"There is nothing either good or bad but thinking makes it so." - Shakespeare
I often sit and wonder if depression's what depression seems; and when we murmur, "Times are stiff," do we not largely deal in dreams? Brown croaks forlornly, "I am sad!" And sad he is, the gloomy dunce; Smith sighs and mutters, "Things are bad!" And times for him grow worse at once.
Smith button-holes the jovial Jones and into his unwilling ear pours jeremiads, whimpers, groans and prophecies absurdly drear. And straight the smile on Jones's face is wiped away, as when a cloud blots out the sun, and, in its place, the signs of dull depression crowd.
From Jones to Green, from Green to White, from White to Black, from Black to Grey the sad tale travels like a blight; and joy in terror sneaks away, and so the gloomy chorus swells; men lately bright wax dull and sad; mere moans grow into anguished yells: "Oh, times are bad!
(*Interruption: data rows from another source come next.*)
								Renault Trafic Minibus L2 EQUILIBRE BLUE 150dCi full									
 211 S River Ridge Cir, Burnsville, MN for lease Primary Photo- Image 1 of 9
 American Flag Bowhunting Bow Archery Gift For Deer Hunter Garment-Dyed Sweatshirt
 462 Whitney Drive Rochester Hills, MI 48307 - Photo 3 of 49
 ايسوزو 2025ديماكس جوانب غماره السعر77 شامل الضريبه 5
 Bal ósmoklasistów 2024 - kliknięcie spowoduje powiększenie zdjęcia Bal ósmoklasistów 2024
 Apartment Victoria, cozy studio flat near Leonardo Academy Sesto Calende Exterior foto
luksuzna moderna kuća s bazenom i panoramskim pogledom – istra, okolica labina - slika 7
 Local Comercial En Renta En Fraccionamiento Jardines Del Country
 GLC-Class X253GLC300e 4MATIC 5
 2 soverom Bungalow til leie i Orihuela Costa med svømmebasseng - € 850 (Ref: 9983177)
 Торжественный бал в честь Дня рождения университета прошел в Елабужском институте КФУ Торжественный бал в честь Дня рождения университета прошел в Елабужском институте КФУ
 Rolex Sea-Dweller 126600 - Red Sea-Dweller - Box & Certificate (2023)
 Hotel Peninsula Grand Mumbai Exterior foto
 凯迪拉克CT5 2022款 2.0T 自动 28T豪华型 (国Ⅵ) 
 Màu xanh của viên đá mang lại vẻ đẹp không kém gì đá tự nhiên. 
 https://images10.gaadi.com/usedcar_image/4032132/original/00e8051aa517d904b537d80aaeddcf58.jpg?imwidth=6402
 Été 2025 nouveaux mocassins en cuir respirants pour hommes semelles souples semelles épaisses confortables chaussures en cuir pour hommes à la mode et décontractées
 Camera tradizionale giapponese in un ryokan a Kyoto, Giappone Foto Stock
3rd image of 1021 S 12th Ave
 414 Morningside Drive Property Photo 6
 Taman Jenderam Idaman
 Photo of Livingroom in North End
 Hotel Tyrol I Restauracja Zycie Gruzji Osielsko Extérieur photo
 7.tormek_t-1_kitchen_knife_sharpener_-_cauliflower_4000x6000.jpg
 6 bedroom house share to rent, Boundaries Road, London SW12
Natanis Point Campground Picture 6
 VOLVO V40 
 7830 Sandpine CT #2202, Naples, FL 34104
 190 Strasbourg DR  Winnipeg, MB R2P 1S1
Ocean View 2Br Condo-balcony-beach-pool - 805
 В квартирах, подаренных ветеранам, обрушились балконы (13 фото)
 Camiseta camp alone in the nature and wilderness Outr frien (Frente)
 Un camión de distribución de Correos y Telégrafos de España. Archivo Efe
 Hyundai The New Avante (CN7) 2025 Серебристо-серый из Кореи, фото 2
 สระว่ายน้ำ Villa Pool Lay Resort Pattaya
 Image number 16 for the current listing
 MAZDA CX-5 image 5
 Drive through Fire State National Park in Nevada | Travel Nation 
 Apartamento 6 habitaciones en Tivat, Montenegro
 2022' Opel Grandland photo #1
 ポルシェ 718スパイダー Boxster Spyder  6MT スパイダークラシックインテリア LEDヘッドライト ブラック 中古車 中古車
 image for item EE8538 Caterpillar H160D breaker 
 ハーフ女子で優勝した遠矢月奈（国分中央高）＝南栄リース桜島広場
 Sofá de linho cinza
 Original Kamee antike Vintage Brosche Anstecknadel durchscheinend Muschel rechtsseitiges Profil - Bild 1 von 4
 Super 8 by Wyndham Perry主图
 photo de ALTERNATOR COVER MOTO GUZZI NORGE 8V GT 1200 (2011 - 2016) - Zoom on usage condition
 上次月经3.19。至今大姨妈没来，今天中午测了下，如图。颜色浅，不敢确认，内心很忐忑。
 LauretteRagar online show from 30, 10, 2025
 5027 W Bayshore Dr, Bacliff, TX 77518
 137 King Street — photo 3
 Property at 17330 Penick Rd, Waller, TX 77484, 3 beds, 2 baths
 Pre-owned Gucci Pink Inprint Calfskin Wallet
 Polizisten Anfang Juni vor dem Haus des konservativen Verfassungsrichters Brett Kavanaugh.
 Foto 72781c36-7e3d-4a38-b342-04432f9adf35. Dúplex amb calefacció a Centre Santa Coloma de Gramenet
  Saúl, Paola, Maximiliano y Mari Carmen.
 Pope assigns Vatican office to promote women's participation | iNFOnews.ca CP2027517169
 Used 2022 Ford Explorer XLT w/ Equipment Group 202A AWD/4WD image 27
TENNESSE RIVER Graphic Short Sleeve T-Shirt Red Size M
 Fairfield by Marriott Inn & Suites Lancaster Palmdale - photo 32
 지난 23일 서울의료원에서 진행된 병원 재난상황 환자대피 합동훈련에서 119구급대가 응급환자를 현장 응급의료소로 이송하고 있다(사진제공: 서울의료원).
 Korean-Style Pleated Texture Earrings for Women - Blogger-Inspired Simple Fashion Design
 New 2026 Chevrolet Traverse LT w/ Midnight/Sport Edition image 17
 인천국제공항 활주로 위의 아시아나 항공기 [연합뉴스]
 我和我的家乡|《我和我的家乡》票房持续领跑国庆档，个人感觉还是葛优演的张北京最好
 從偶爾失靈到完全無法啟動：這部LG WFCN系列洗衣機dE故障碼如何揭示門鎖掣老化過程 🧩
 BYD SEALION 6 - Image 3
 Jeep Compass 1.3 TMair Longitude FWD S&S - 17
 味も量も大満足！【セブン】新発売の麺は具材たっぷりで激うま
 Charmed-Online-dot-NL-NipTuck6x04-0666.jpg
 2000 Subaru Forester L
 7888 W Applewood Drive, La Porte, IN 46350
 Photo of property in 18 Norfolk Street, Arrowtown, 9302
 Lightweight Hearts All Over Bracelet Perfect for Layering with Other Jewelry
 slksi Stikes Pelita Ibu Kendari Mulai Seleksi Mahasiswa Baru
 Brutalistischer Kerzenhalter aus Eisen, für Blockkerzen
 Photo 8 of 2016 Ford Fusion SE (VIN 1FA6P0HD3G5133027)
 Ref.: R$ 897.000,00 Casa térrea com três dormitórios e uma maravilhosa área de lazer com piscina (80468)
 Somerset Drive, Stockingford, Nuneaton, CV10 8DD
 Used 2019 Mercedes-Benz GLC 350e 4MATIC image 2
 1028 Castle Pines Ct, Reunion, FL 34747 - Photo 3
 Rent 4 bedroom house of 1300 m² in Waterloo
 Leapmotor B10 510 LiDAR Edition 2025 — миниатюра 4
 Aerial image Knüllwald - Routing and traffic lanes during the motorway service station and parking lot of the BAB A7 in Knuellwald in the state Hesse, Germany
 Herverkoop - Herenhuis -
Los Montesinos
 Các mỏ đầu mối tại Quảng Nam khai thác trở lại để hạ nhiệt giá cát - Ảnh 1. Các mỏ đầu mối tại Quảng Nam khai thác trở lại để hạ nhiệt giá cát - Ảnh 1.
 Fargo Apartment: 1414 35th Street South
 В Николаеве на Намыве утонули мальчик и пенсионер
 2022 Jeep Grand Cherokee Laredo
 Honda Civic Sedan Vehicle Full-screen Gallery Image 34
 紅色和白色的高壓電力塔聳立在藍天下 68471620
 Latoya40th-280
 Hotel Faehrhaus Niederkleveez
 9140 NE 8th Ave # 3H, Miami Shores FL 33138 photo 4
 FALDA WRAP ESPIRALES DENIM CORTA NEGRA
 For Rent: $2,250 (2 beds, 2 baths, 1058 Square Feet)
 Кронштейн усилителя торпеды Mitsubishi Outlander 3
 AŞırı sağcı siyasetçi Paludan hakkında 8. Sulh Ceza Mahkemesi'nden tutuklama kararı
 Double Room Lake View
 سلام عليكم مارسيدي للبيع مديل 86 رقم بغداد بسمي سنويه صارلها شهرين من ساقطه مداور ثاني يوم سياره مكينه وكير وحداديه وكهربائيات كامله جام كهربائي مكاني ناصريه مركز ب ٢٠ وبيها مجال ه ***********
The times are bad!"
So, up and down and round the town that habors Smith and Jones and Brown, men crawl about with haunted eyes and cry, "We must economise!" Grocer and draper miss their sales; they sack their hands, to further wails when wives of men who take the knock can't buy the goods the tradesmen stock.
Then like a snowball rolling on to gather what it rolls upon, despression wanders round the place and swamps a one-time bouyant race.
Wake up, man! If the blight has you, why cry and moan you have no chance? Gaze round upon your world anew. Deal with the facts; you're in a trance. Take heed of how the story grew; know things that are from things that seem. The tale is less than half-way true, and more than half a dilly dream.